All About Madison Square Garden

Madison Square Garden is the most famous and most easily recognized music venue in the world. Its fabled history, going back almost 150 years, includes not only landmark sporting events such as boxing championships, hockey,and basketball, along with musical events such as George Harrison’s Concert for Bangladesh and The Concert for New York City after September 11, but also its share of controversy, including a sensational murder. Featured in scores of books, movies and television shows throughout its history, Madison Square Garden is a major part not only of sports and musical history, but of the history of New York and the country as a whole.
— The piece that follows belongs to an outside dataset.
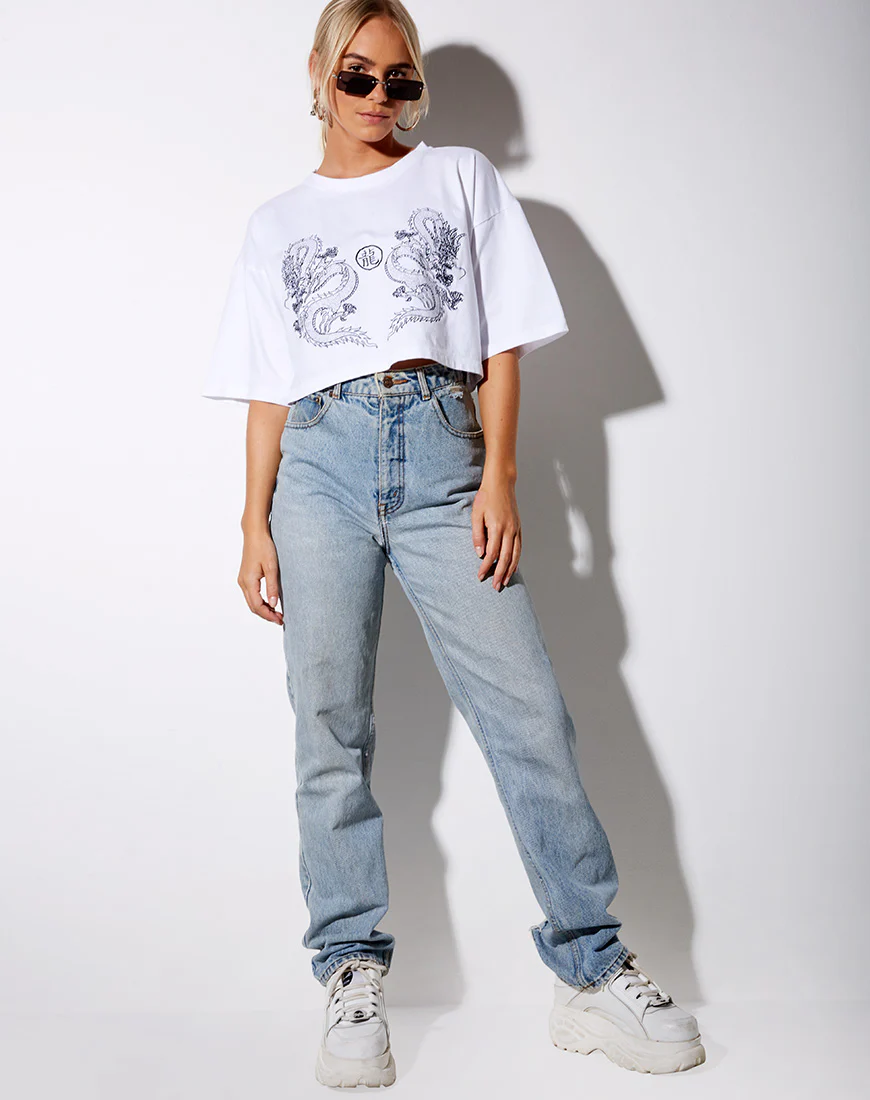 Kai Tee in White Yin Yang Dragon Embro - Image 2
The current Madison Square Garden is the fourth building to bear that name. The first, on the corner of Madison Avenue and 26th Street, was a former railroad station remodeled by the famous showman P.T. Barnum and named “Barnum’s Monster Classical and Geological Hippodrome”. The building was later renamed Gilmore’s Garden after a popular bandleader, and finally given the name it would pass down through the years in 1879. In 1890 the famous architect Stanford White designed the second Madison Square Garden, which replaced the original building in the same location. Sixteen years later, White was murdered during a theatrical performance in the Garden’s rooftop restaurant. White’s murder and the subsequent trial made for sensational newspaper headlines across the country, and was later chronicled in the novel and movie Ragtime. New York’s second tallest building, the Garden’s main hall contained seating for 8,000 with facilities for the addition of many more. White’s building was torn down in 1926 and a new Madison Square Garden was built by boxing promoter Tex Rickard in an entirely different location, 50th Street and Eighth Avenue. The new building was used not only for boxing matches, but as the home of the New York Rangers hockey team and the Barnum and Bailey Circus. This third version of Madison Square Garden was essentially a nondescript box, with bad sightlines and poor ventilation. It was closed in 1967 and replaced by the current building, at Eight Avenue and 33rd Street.

The new facility was built on the former location of the Pennsylvania Station building, and architectural landmark whose demolition caused a good deal of controversy in the early 1960s. The station still operates underground, beneath the Garden. The current Madison Square Garden hosts 320 events a year, including all of the Rangers’ and Knicks’ home games, lacrosse tournaments, boxing and wrestling matches and musical events. Depending on the configuration it can hold up to 21,000 people, and includes a separate, 5,600 seat theater. Although sports make up the majority of the Garden’s business, musical performances have probably brought it even greater fame. Many famous pop acts have played their numerous times, including Elton John, who has called it his favorite place to play and who holds the record for the most performances in the Garden at 60; Billy Joel, who famously played 12 nights in a row, the longest continuous stand by any performer; the Rolling Stones (26 times); and many others. The Garden is now considered the premium performance venue in New York, and few popular musicians' careers are considered complete until they’ve performed there at least once. Even alternative bands such as Arcade Fire and LCD Soundsystem have performed sold-out shows there. In 2009, country star Taylor Swift sold out the Garden in 60 seconds.